Fast forward to Christmas morning. With fresh snow on the ground and a hint of blue sky teasing the Ponderosa pines that tower over our neighborhood, the Back Forty was illuminated with watery, wintery sunlight. Revealing, of course, our own little Interstate 90 of animal tracks.

"Those are pretty big paw prints," my date admitted.

Hah! Vindication! Now, in addition to being a Queen and Supreme Goddess, I am an official Wildlife Tracking Specialist. With a small assist from Google Images.

Intrigued, we tumbled into our boots and took a turn around the Back Forty, which took all of about 5 minutes.

We do, indeed, have raccoon neighbors. A couple by the looks of things.

And then we made another intriguing discovery: Criss-crossing the patio, apparently favoring the large yew that serves as a privacy hedge protecting us from the gaze of the Hedgekiller's House (that's another story) another neighbor made his presence known, leaving a trail that looked something like this:

Yep, that's right.

Rounding out our urban menagerie:

Fortunately (or unfortunately depending on how you feel about critters; let's just say we briefly considered night photography and motion sensors) our furry four-legged neighbors are nocturnal and somewhat solitary. It is unlikely either will tangle with Ben -- or us -- at least in the next few months while we are all cozied up inside our respective dens.

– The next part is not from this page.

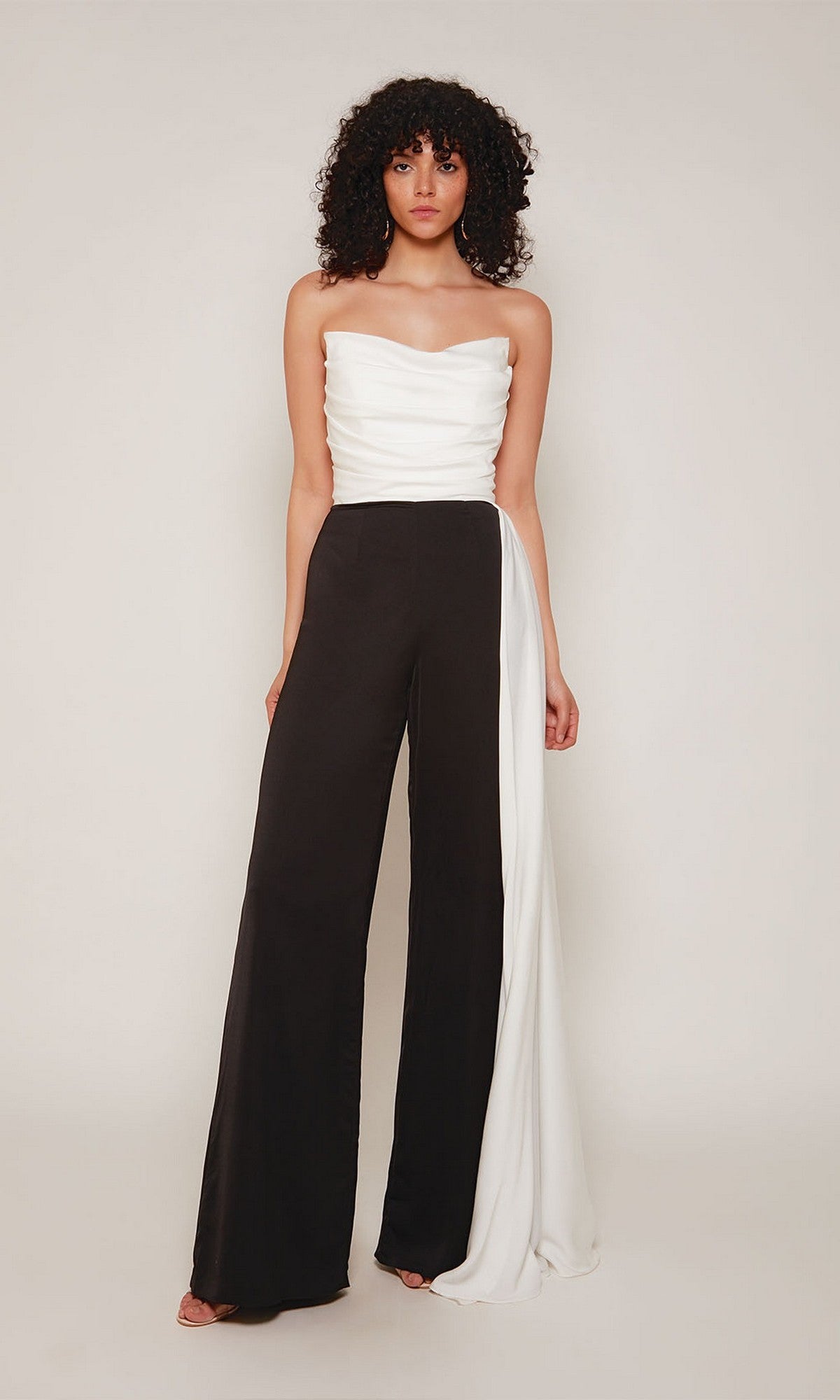 A woman poses against a plain background in the Alyce 70050 Long Formal Jumpsuit, featuring a strapless ruched white top, black wide-leg pants, and a sleek white side panel.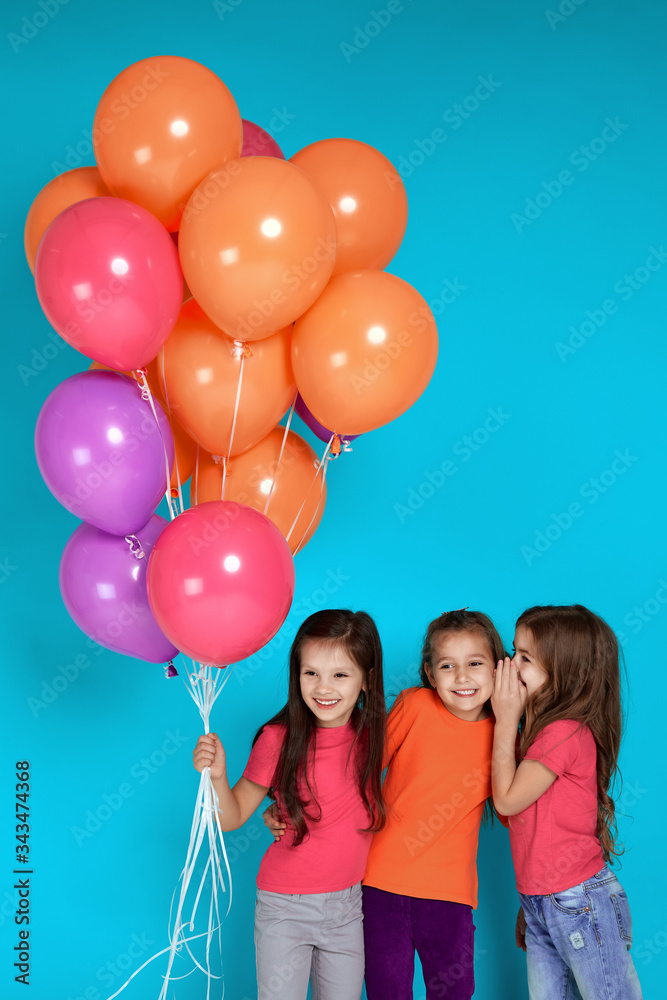 Φωτογραφία Smiling little children girls posing with bright colorful air balloons on blue background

We'll keep an eye out for fresh tracks. . . perhaps catching a glimpse of our visitors at dusk or at dawn.

And as long as no one shows up in black and white stripes -- or messes with the trash can -- we'll all get along just fine.

I come in peace.


Did somebody say "Trash can?"


  1. Excellent investigative work, Queen! I remember porcupine quills lying around my childhood backyard. Luckily none in my dog's nose.

    Hope you had a good Christmas despite the huge snowfall ;)

  2. Racoons I can deal with, but am very thankful there are no porcupines in my area. Skunks we have plenty of, and so far I have just been lucky that my dogs haven't chased/caught one.

  3. yes, but how could anybody resist a cute little face like that? ...awwwwww.....

  4. Interesting how these nocturnal skulkers seem to be everywhere. I've seen a few around here too, but we don't have the tell-tale snowy footprints to give them away!